The reaction of [Cp*RhCl(2)](2) (Cp* = eta(5)-C(5)(CH(3))(5)) with 2 equiv of p-toluenesulfonamide in the presence of KOH resulted in the formation of the sulfonylimido-bridged dirhodium(III) complex [(Cp*Rh)(2)(mu-NTs)(2)] (1a; Ts = SO(2)C(6)H(4)CH(3)-p). The imido complex 1a reacted with hydrogen donors such as H(2) and 2-propanol to give the sulfonylamido-bridged dirhodium(II) complex [(Cp*Rh)(2)(mu-NHTs)(2)] (2). Treatment of the (amido)rhodium(II) complex 2 with O(2) regenerated the (imido)rhodium(III) complex 1a.
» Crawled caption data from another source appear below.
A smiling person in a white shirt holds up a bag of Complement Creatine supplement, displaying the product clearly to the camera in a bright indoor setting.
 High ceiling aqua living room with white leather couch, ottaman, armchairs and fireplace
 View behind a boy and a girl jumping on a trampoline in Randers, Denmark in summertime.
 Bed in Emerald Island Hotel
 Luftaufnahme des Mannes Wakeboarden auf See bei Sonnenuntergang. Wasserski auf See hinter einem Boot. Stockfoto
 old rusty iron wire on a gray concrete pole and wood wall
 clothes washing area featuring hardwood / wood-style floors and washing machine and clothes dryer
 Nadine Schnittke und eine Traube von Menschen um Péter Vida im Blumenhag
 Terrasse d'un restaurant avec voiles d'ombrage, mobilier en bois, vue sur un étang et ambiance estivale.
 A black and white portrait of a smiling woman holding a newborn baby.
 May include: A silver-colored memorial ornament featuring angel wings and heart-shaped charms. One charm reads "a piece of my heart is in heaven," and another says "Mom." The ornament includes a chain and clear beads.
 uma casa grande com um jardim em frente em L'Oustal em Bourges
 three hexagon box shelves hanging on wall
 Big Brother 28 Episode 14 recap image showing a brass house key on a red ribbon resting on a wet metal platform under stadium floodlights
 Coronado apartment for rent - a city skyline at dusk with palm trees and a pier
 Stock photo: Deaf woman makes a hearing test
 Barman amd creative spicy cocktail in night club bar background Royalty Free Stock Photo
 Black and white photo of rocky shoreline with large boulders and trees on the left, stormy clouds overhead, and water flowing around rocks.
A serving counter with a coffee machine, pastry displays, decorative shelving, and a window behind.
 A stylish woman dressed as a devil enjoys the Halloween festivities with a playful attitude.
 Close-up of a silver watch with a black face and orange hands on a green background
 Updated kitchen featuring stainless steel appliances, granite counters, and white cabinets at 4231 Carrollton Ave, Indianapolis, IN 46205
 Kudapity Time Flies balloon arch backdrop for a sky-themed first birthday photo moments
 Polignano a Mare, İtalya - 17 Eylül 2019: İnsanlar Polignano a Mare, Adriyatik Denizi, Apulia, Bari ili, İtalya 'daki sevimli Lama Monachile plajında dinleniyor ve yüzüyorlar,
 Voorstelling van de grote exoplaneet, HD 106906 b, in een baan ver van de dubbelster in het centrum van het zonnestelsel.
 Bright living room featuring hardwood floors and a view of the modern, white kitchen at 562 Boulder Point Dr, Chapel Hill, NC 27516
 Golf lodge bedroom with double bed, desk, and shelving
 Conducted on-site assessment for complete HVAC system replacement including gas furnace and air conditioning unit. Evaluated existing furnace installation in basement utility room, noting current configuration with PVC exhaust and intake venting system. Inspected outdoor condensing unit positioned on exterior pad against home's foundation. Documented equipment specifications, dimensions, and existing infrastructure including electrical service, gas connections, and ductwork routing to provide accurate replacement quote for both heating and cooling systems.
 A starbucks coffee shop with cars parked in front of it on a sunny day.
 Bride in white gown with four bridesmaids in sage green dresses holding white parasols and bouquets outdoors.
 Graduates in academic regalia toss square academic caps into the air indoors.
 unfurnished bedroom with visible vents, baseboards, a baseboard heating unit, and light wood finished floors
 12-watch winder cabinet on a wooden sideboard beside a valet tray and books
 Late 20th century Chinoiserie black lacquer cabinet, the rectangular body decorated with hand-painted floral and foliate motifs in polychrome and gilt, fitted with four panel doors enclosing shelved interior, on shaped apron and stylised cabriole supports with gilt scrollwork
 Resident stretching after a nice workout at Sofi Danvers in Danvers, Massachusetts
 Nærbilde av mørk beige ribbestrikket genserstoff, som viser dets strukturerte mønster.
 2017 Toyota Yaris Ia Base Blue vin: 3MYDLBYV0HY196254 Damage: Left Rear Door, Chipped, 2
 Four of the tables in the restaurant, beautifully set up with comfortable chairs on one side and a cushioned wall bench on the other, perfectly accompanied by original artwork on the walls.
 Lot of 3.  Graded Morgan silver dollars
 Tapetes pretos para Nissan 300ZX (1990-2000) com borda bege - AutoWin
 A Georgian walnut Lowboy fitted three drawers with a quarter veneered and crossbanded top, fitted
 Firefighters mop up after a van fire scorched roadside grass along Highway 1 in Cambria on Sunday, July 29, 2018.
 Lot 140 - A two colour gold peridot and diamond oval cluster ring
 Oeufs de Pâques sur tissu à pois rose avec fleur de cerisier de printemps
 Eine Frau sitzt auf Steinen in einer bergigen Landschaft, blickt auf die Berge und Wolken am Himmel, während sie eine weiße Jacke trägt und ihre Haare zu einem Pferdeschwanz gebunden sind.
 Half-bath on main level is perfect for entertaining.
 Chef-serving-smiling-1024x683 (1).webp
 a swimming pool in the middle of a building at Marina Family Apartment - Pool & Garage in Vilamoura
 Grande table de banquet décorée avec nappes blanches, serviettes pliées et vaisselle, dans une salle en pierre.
Complex 1a also underwent reversible protonation to afford the cationic amido- and imido-bridged dirhodium(III) complex [(Cp*Rh)(2)(mu-NHTs)(mu-NTs)](+) (4), which further reacted with H(2) or 2-propanol to give the (hydrido)bis(amido)dirhodium(III) complex [(Cp*Rh)(2)(mu-H)(mu-NHTs)(2)](+) (5). On the basis of DFT calculations and experimental results using 4 and 5, the reaction of 1a with H(2) proved to proceed via heterolytic cleavage of H(2) assisted by the sulfonyl oxygen atom followed by proton migration from the metal center. Furthermore, the redox interconversion between 1a and 2 was applied to catalytic aerobic oxidation of H(2) and an alcohol by using 1a as a well-defined dinuclear catalyst. The iridium complex [(Cp*Ir)(2)(mu-NTs)(2)] (1b) as well as a rhodium complex [Cp*RhCl(2)](2) without bridging imido ligands did not catalyze these aerobic oxidation reactions.